As if its name doesn't make it clear, the whole purpose of a guardrail is to prevent vehicles from leaving a roadway and veering into potentially even more dangerous territory. However, at least one type of guardrail may not be doing its job, according to a recent study. Federal officials are supporting further research to find out if the devices are as safe in the real world as they are in crash tests.
The study from the University of Alabama Birmingham, which was sponsored by the consumer advocacy group The Safety Institute and the state of Missouri, looked at eight years of crashes involving guardrails in Missouri and Ohio (not pictured above).
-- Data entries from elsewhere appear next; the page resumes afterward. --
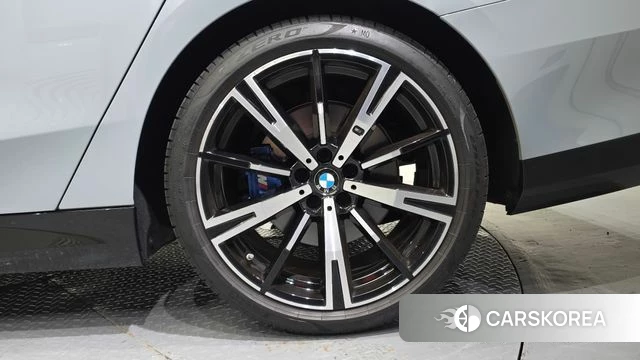 BMW 5 Series (G60) id 4516015 из Кореи 13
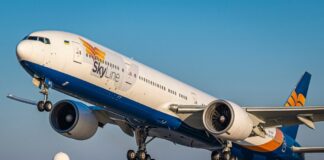 Boeing 777-300ER Skyline Express UR-AZR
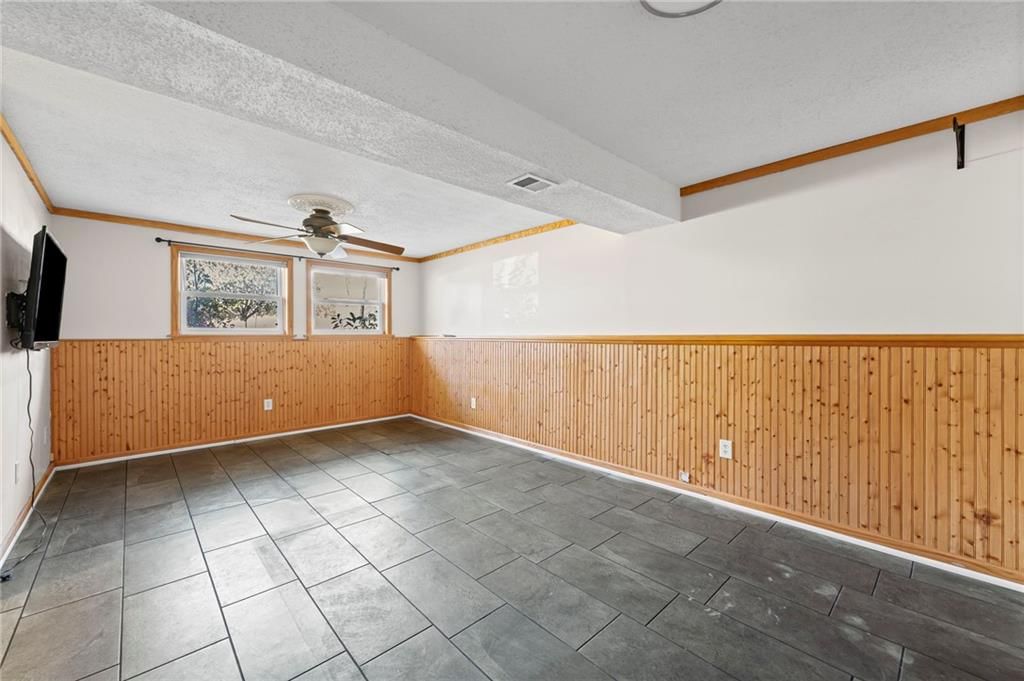 8809 N MAIN Street — photo 22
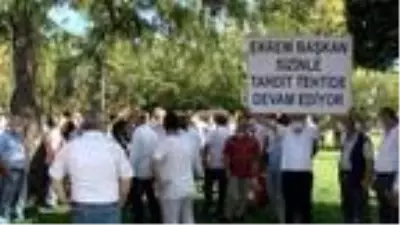 (Havadan fotoğraflarla) İBB önünde servisçilerden protesto (Havadan fotoğraflarla) İBB önünde servisçilerden protesto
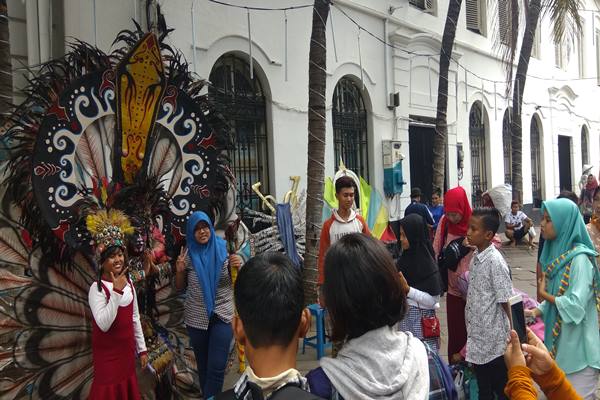 Turis memadatai kawasan Kota Tua di Jakarta Barat saat perayaan Lebaran, Senin (26/6/2017). - Bisnis.com/Veronika Yasinta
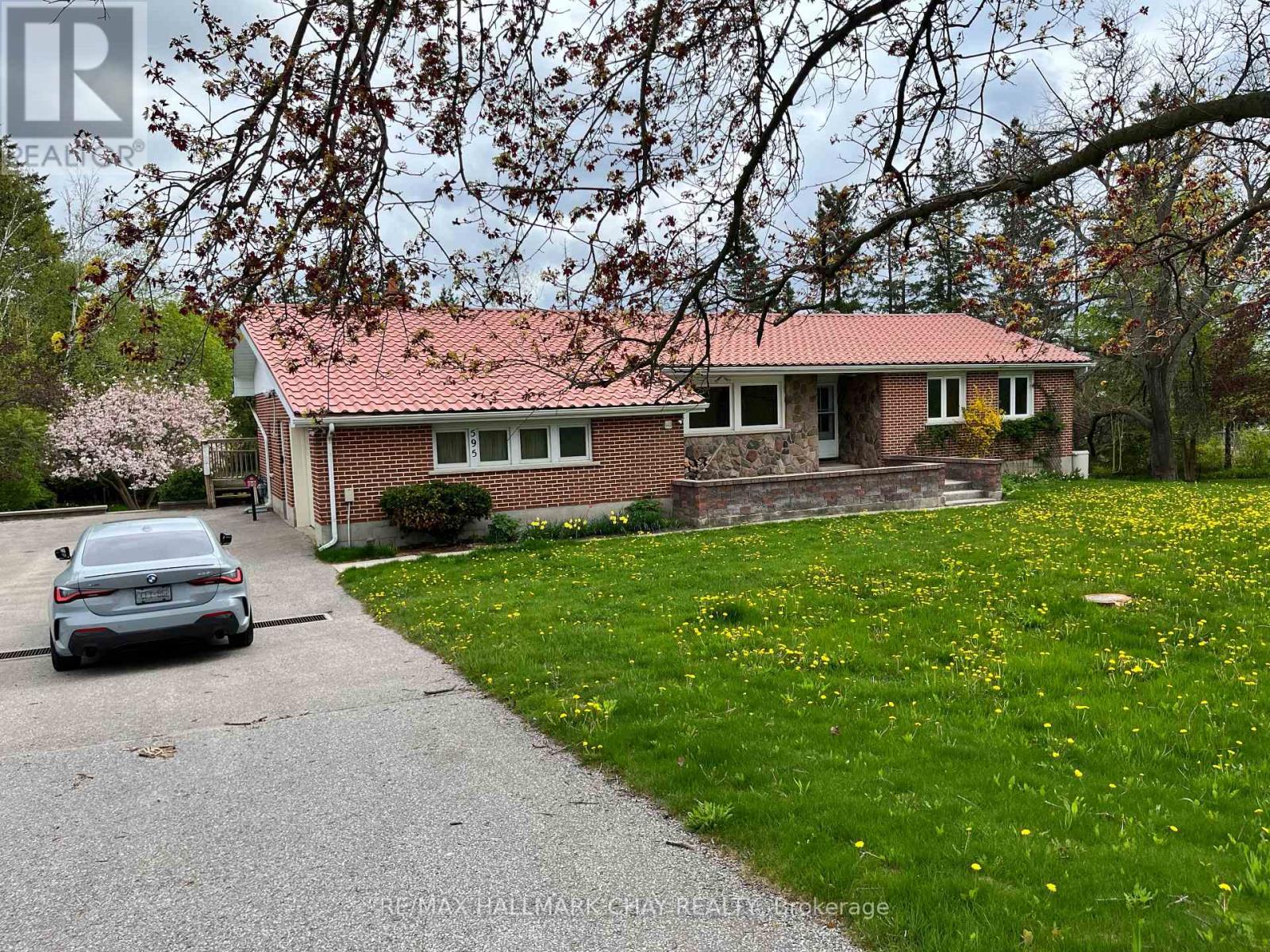595 BIG BAY POINT ROAD E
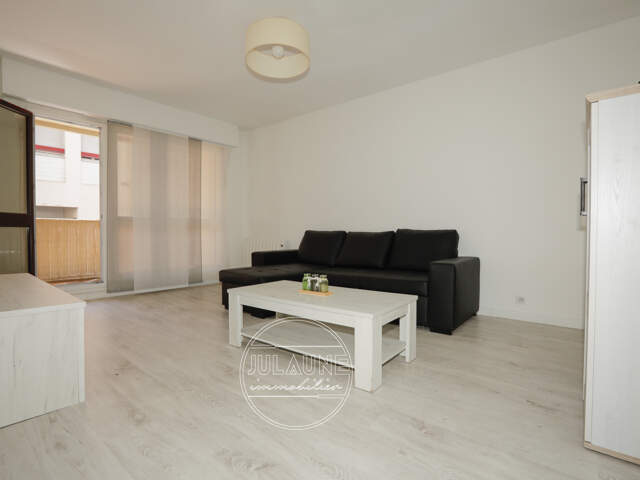 Appartement 2 pièces de 56 m2   Proche Churchill — photo du bien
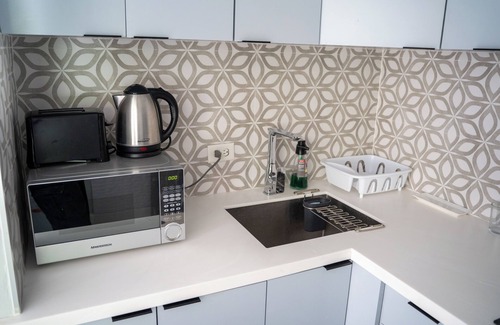 Beverly Hills Apartment | Kingston Skyline Escape - Modern, Gated, Peaceful, Easy Access/Top Attractions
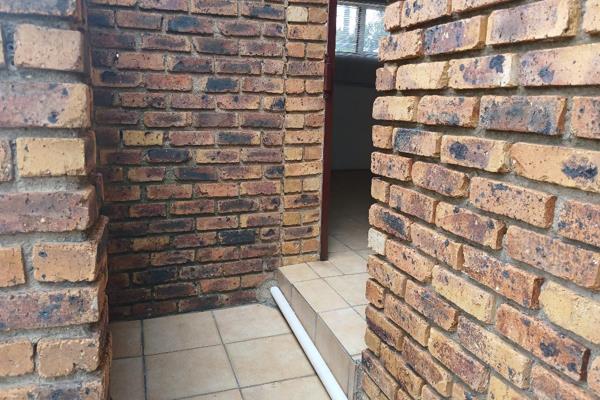 Ridgeway Johannesburg South,1Bedroomed back room for rent.
Shower and toilet. 
Ideal for a single person with less furniture.
Rent: ...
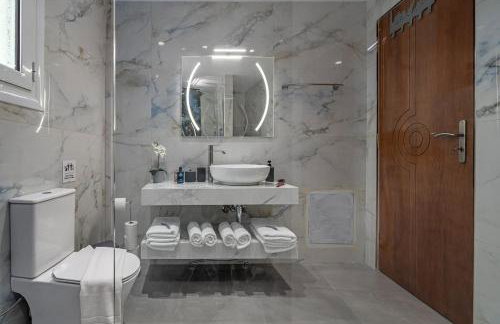 Casa Antigone-Cozy Athens Stay near Metro Mall - Foto 23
The study found that an end terminal piece called ET-Plus from a company called Trinity Industries "was 1.36 times more likely to produce a severe injury and 2.86 times more likely to produce a fatality than the ET-2000 design [another model from Trinity]." However, due to the small, two-state sample size, the report was only able to gather significant data on these two varieties, rather than five from different makers as researchers originally intended.
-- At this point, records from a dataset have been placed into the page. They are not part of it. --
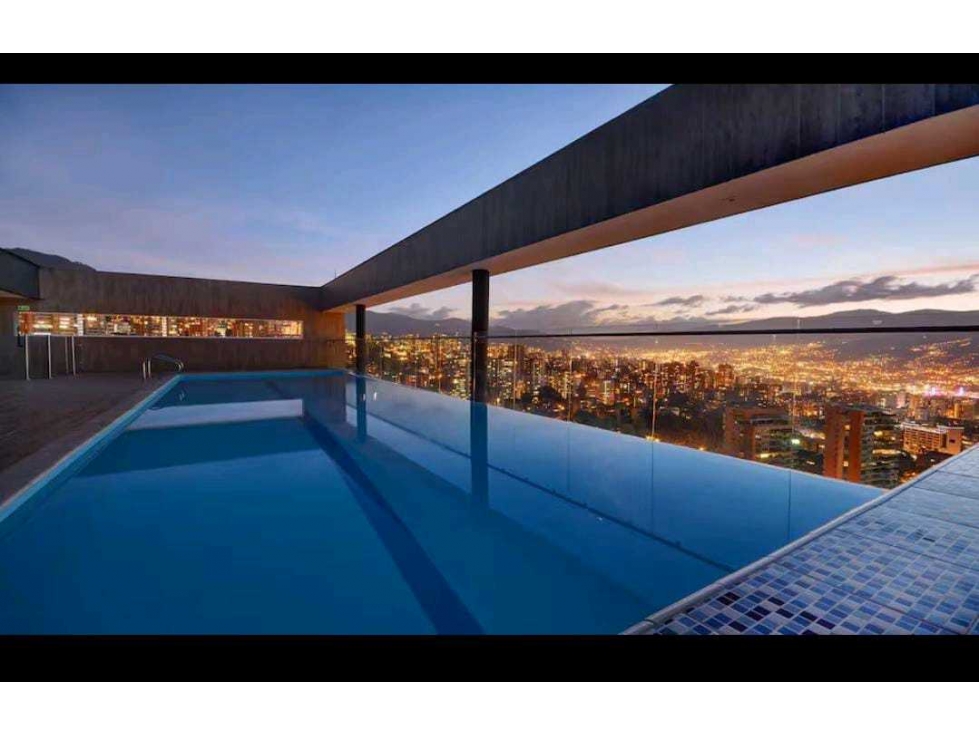 VENTA DE APARTAMENTO EN EL POBLADO CON PERMISO PARA RENTAS CORTAS.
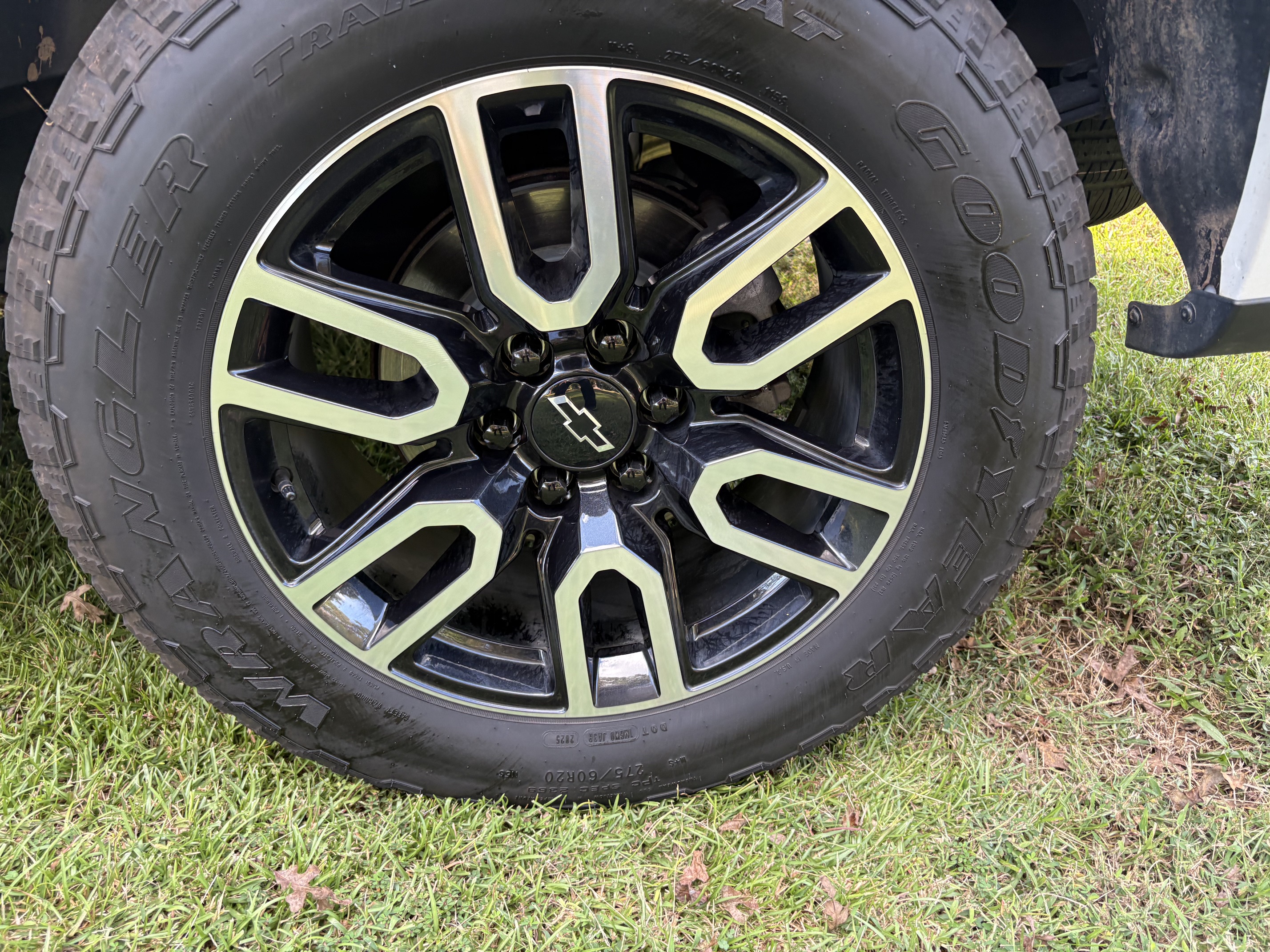 Used 2019 Chevrolet Silverado 1500 RST w/ All-Star Edition AWD/4WD image 12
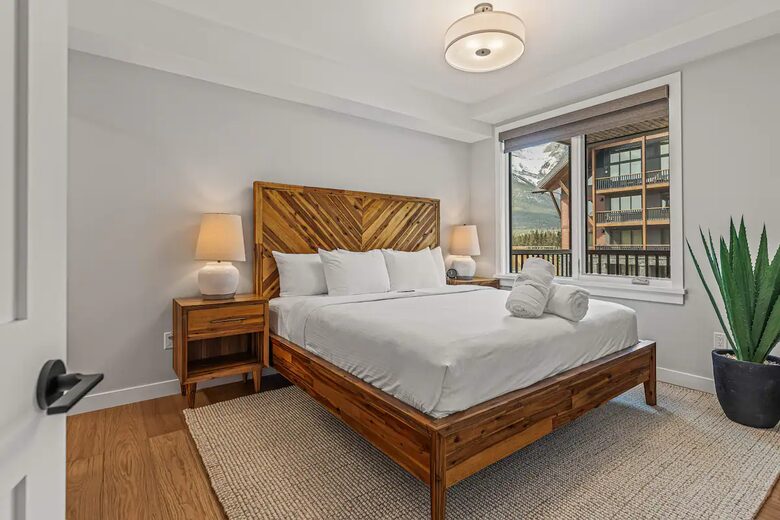 Modern Canmore Escape with Mountain Views - Canmore, Canada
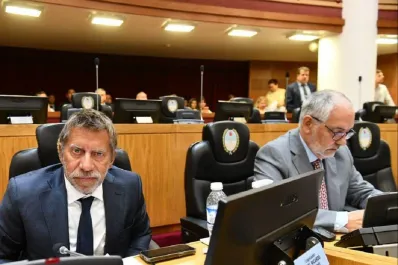 Fuerza Republicana propone eliminar la cartelería en papel durante las campañas electorales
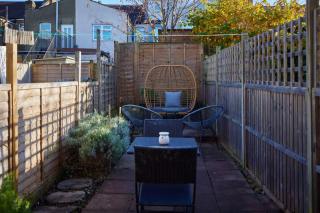 The Leyton Midland Crib - Cozy 2BDR Flat with Study Room + Garden - Londen - 6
Now, according to ABC News, the Federal Highway Administration is conducting further evaluations into this potential safety issue with analysis from public and private groups. "We are supporting a national cooperative highway research program to look into the performance of guard rail terminals," said FHA official Nicholas Artimovich to ABC News.
Trinity is already facing lawsuits over the ET-Plus that allege that the shortening of a piece of metal from five inches to four inches in a guardrail's design may be responsible for the potential danger. The lawsuits center around fatal crashes and incidents in which motorists lost limbs crashing into the company's guardrails.
ABC News claims that internal company emails show the change reportedly saves the company thousands of dollars each year. However, the business denies this as a reason for the alteration, noting that the model passes federal crash tests and meets safety standards.